Go through the listing below and retype exactly the lines starting at the one with "Casa - Venda" and ending at the one with "Apartamento à venda", skipping pictures.
[Opening Data for review section]
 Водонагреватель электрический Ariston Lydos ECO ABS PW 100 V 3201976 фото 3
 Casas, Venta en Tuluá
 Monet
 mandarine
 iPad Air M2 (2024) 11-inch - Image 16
[Closing Data for review section]
[Opening Data for review section]
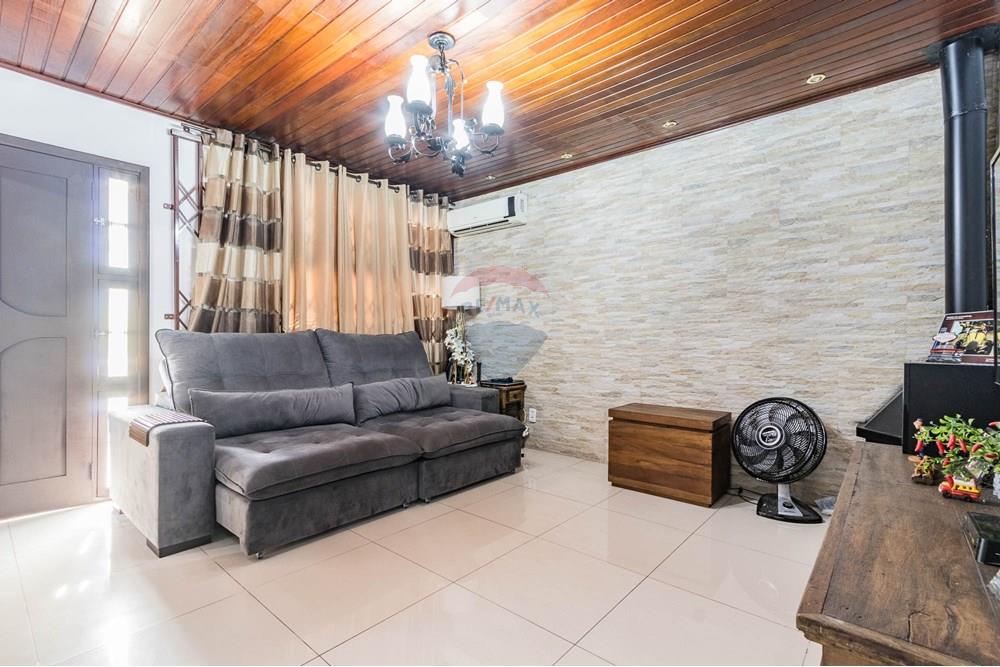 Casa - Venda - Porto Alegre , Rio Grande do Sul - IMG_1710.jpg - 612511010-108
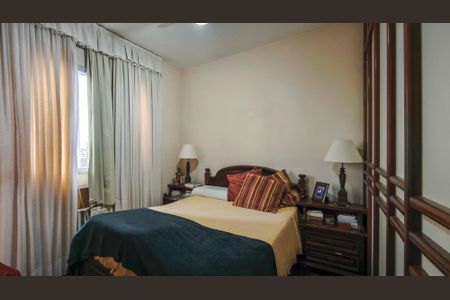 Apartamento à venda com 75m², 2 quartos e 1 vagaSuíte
[Closing Data for review section]
• _Solution for this task_:
 Casa - Venda - Porto Alegre , Rio Grande do Sul - IMG_1710.jpg - 612511010-108
 Apartamento à venda com 75m², 2 quartos e 1 vagaSuíte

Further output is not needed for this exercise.